リーダーといえば、範を示す人だよな。教える人はじぶんができなきゃならない、こう書くと「そうでもないんじゃない」という気もしてくる。いっぽうではじぶんのことを棚上げにしないと何もいえなくなるところもある。教授と批評のちがいだろうか。
リーダーは導く人だからみずからがそのモデルにならなきゃいかんと、そういう部分はあるか。するとコーチも生徒を導こうとしたらじぶんができないとアカンやつ。
ひょっとしたら、トレーナーとかコーチといった種々の呼称は「先生」を回避する側面もあるのかもしれん。リーダー、先生を名乗らない限りにおいて言いたい放題できると、こうなるか・・・ならない。
さしあたってこれらのちがいは截然としたものではなく、グラデーションであると理解しておけばそれでよかろう。

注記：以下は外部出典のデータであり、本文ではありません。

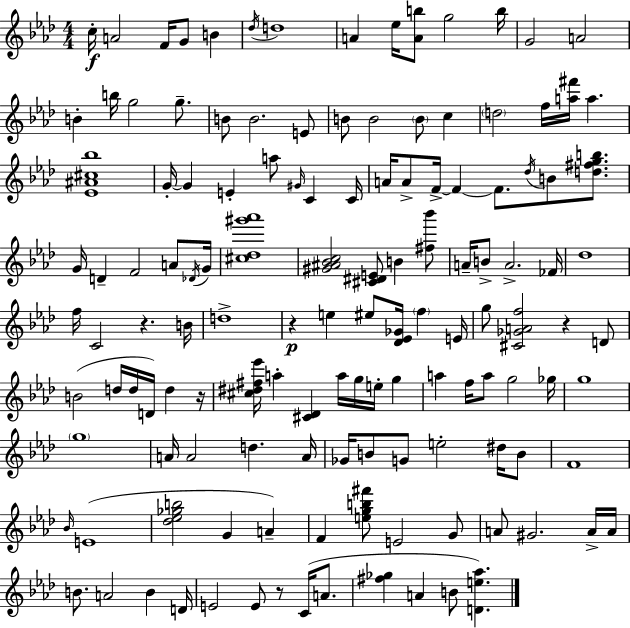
{
  \clef treble
  \numericTimeSignature
  \time 4/4
  \key aes \major
  c''16-.\f a'2 f'16 g'8 b'4 | \acciaccatura { des''16 } d''1 | a'4 ees''16 <a' b''>8 g''2 | b''16 g'2 a'2 | \break b'4-. b''16 g''2 g''8.-- | b'8 b'2. e'8 | b'8 b'2 \parenthesize b'8 c''4 | \parenthesize d''2 f''16 <a'' fis'''>16 a''4. | \break <ees' ais' cis'' bes''>1 | g'16-.~~ g'4 e'4-. a''8 \grace { gis'16 } c'4 | c'16 a'16 a'8-> f'16->~~ f'4~~ f'8. \acciaccatura { des''16 } b'8 | <d'' fis'' g'' b''>8. g'16 d'4-- f'2 | \break a'8 \acciaccatura { des'16 } g'16 <cis'' des'' gis''' aes'''>1 | <gis' ais' bes' c''>2 <cis' dis' e'>8 b'4 | <fis'' bes'''>8 a'16-- b'8-> a'2.-> | fes'16 des''1 | \break f''16 c'2 r4. | b'16 d''1-> | r4\p e''4 eis''8 <des' ees' ges'>16 \parenthesize f''4 | e'16 g''8 <cis' ges' a' f''>2 r4 | \break d'8 b'2( d''16 d''16 d'16) d''4 | r16 <cis'' dis'' fis'' ees'''>16 a''4-. <cis' des'>4 a''16 g''16 e''16-. | g''4 a''4 f''16 a''8 g''2 | ges''16 g''1 | \break \parenthesize g''1 | a'16 a'2 d''4. | a'16 ges'16 b'8 g'8 e''2-. | dis''16 b'8 f'1 | \break \grace { bes'16 } e'1( | <des'' ees'' ges'' b''>2 g'4 | a'4--) f'4 <e'' g'' b'' fis'''>8 e'2 | g'8 a'8 gis'2. | \break a'16-> a'16 b'8. a'2 | b'4 d'16 e'2 e'8 r8 | c'16( a'8. <fis'' ges''>4 a'4 b'8 <d' e'' aes''>4.) | \bar "|."
} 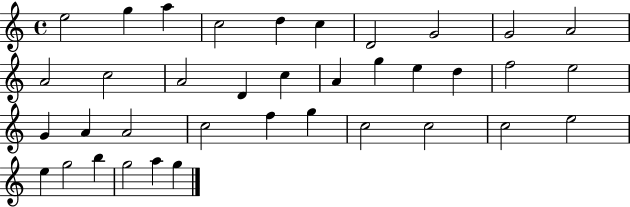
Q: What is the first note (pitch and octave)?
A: E5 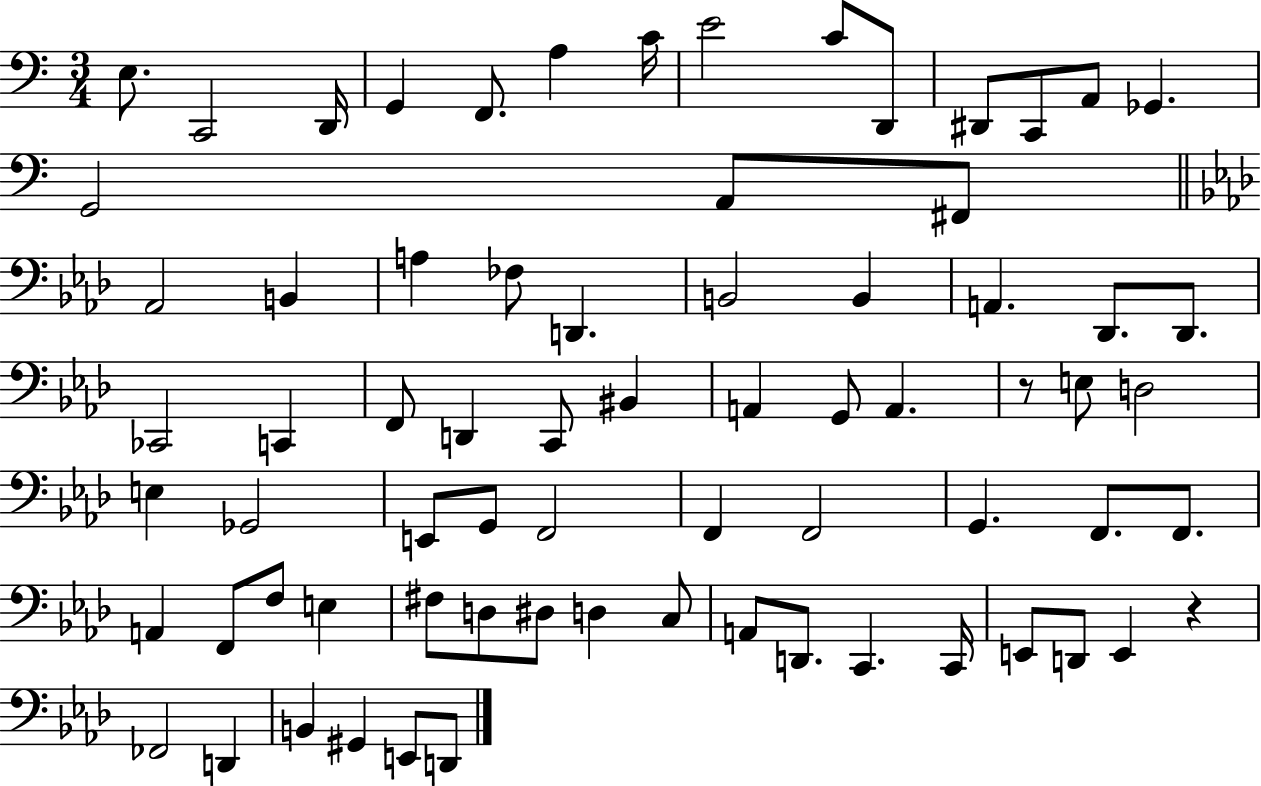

教授寄りの批評、先生寄りのトレーナー、といったように。
さておき、ひとにアレコレ教えるのはじぶんに教えることにもなり、他人に話すことによって自身の考えが整理されてくる、これには異論がないだろう。ただ、クライミングとなると、まず導かれる先がないからリーダーの出番はなさそうだし、基本的に「ヨソはヨソ、ウチはウチ」だから教授もしっくりこないし、まず独り遊びである気がするからなあ。
各自がそれぞれの分野で道を切り開いてはいるものの、必ずしも集団のリーダーという感じではない。
たいてい、強いひとは、聞かれたら示唆してくれるけれど、それ以外はじぶんの課題に取り組んでいるように思う。こうしてみると料理人の世界のようである。「教わるんじゃねえ、盗め」である。
こういうのはきっと、あまり手取り足取りされると学ぶ力が失われてしまう、それを戒めるためのことばなのだろう。たとえばベンチプレスをしていて、トレーナーがスポットに入っていて、10回目標のうち1〜4回は自力で、5〜7回は徐々にスポットして、8〜10回はトレーナーが代わりに拳上したら、トレーニーはがんばっているし、トレーナーも手助けができて、二人とも満足するかもしれないが、そりゃあ伸びは少なくなるやろう。
同様に、普段の暮らしのなかでも、相手が探していることばを補ったり、いいたいことを察したりするのは、相手の学ぶ機会を奪うことにならないか。いっぽうでコミュニケーションが円滑になるからますます見落とされがちになるが、これはひょっとしてワナなのかもしれないな。
まあ個人的には心配なさそうだけど。むしろそういうひとってすごいよなと思ってしまう。